→ DIRECTIONS FOR THIS TASK
Output the lines of the records from the one containing "談安樂死「不贊成維持生命」 柯文哲：很多人生命末期 不必給那麼多折磨" through the last, both ends included. Leave pictures out.
--*--
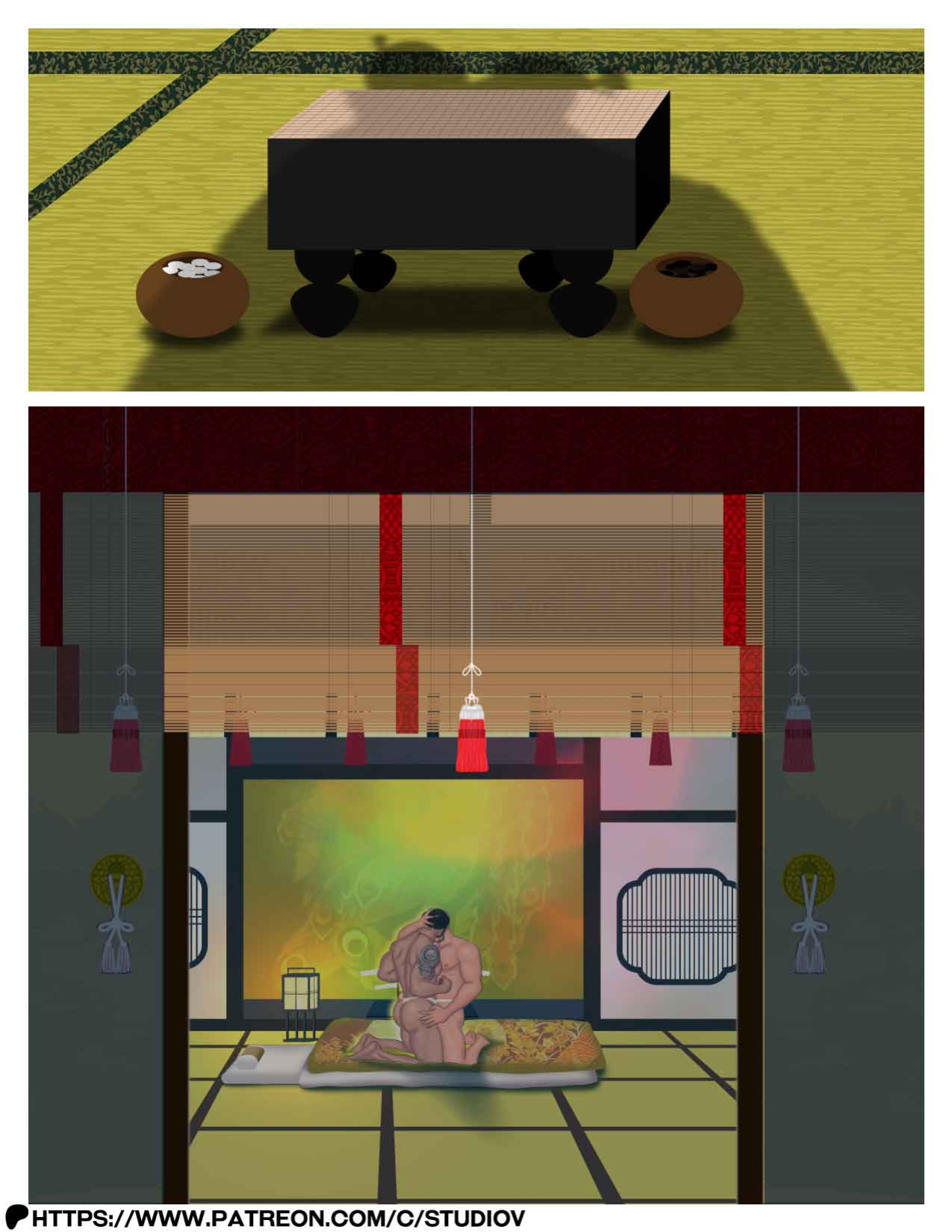[Shirokuma Danshi (Studio V)] Wonder EP3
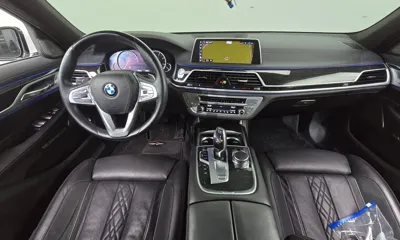 BMW 7-Series 2017, 79907 км, за 37990000 KRW - фото 7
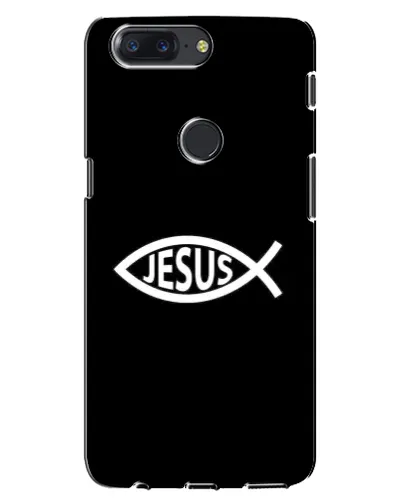 Чехол для OnePlus 5T с картинкой «Классический Jesus»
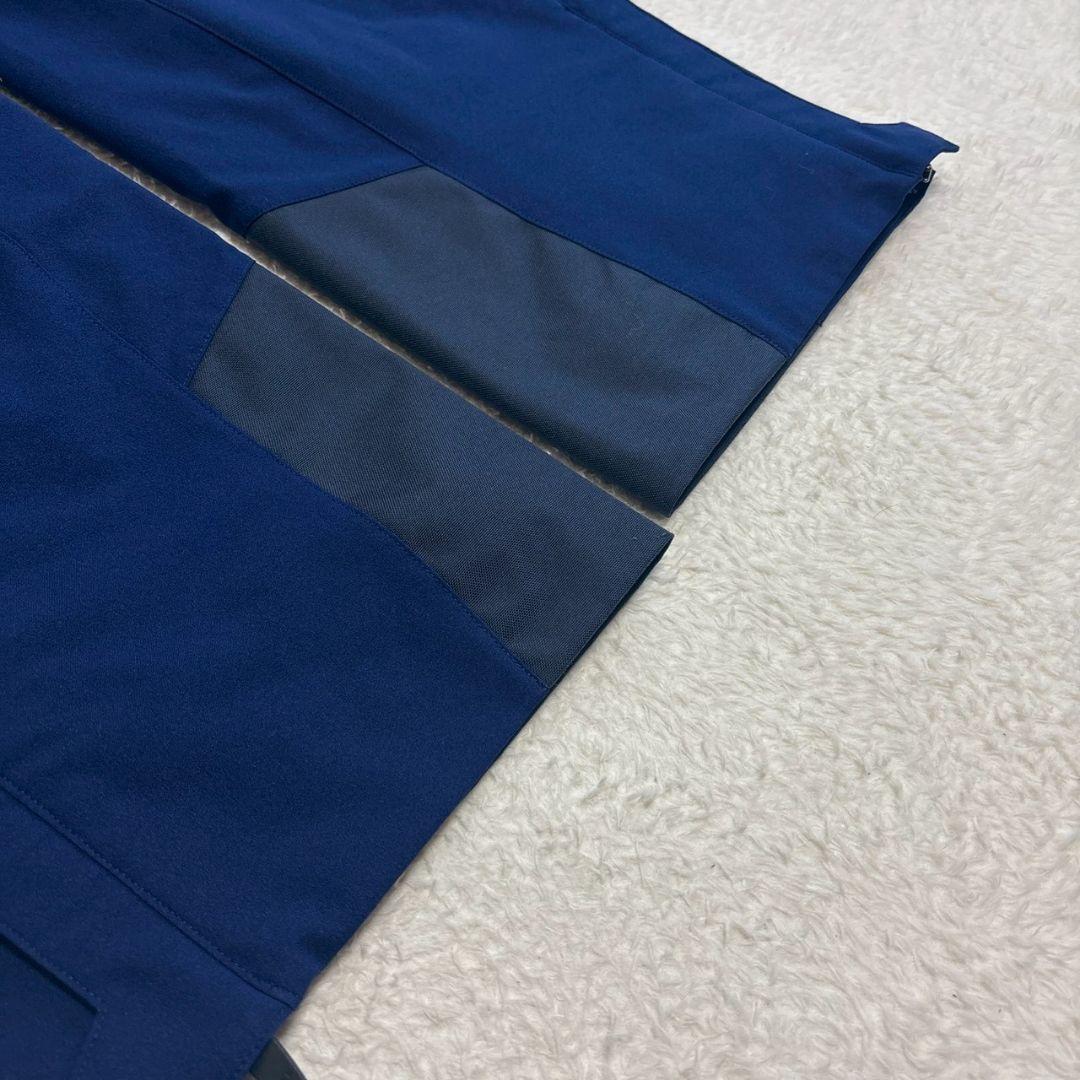 ゴールドウイン スキーウェア　ジャケット　パンツ　上下　メンズ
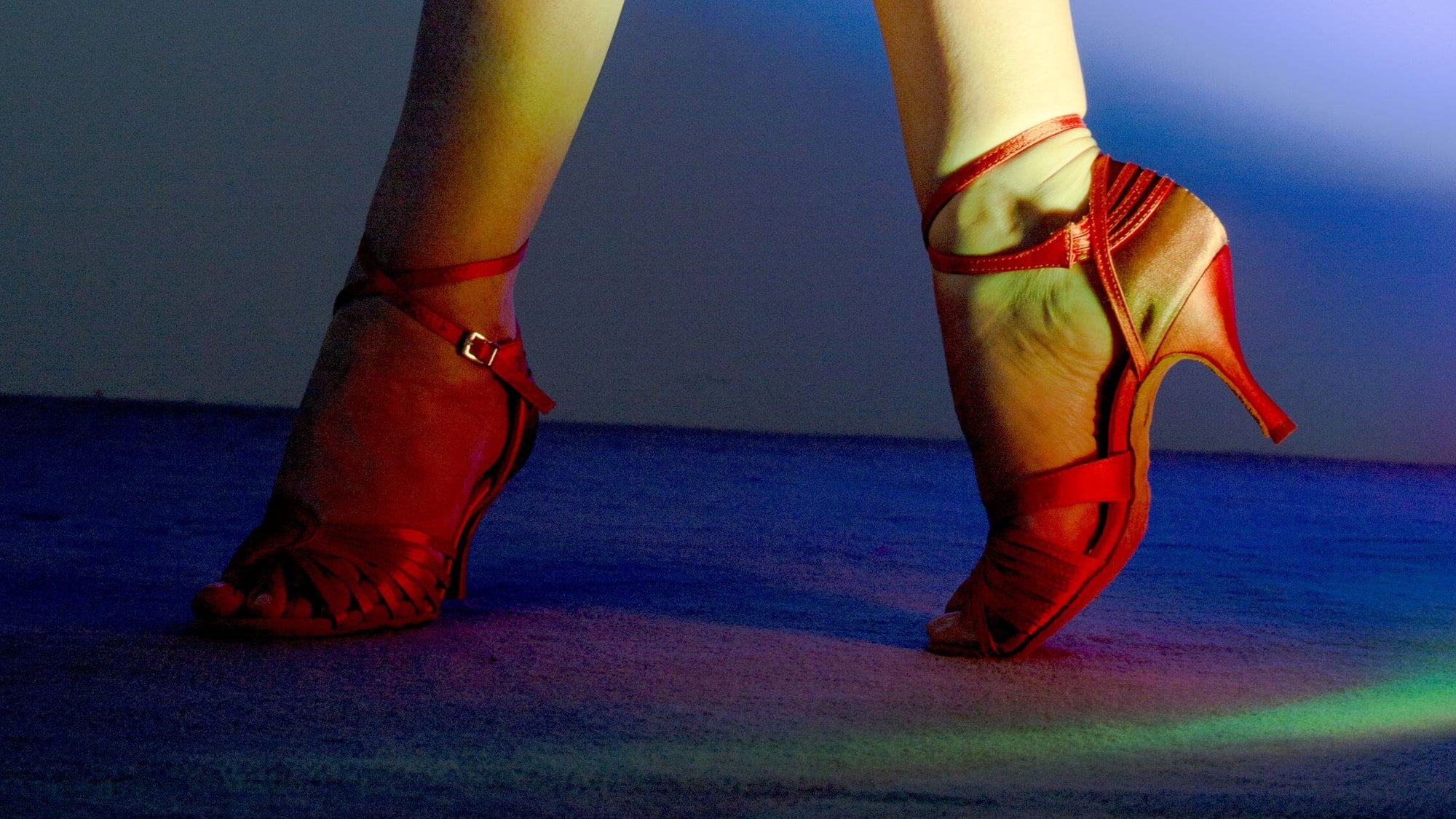How Salsa Dance Shoes Reduce Foot and Joint Fatigue
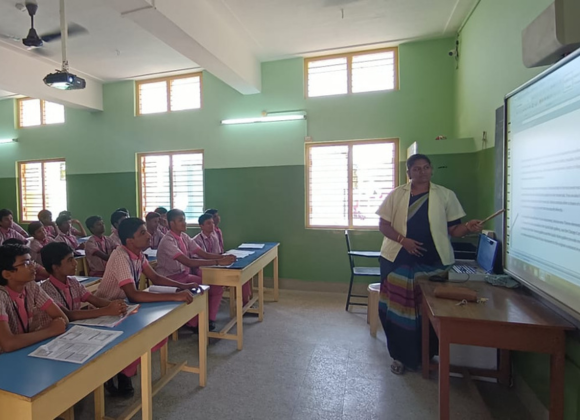 Smart Classroom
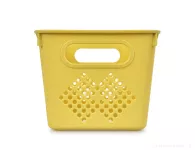 22 cm perforovaný úložný box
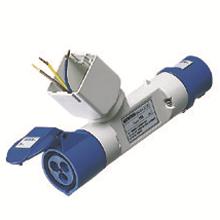 ADAT.PASS.IC 2P+T 230V-2M SYSTEM - GEWISS GW64223 - GEWISS GW64223 - GEWISS GW64223 product photo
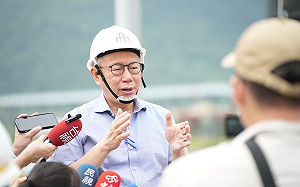 談安樂死「不贊成維持生命」 柯文哲：很多人生命末期 不必給那麼多折磨 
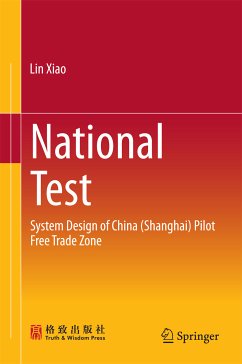 National Test (eBook, PDF) - Xiao, Lin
--*--
→ RESPONSE TO THE TASK
 談安樂死「不贊成維持生命」 柯文哲：很多人生命末期 不必給那麼多折磨 
 National Test (eBook, PDF) - Xiao, Lin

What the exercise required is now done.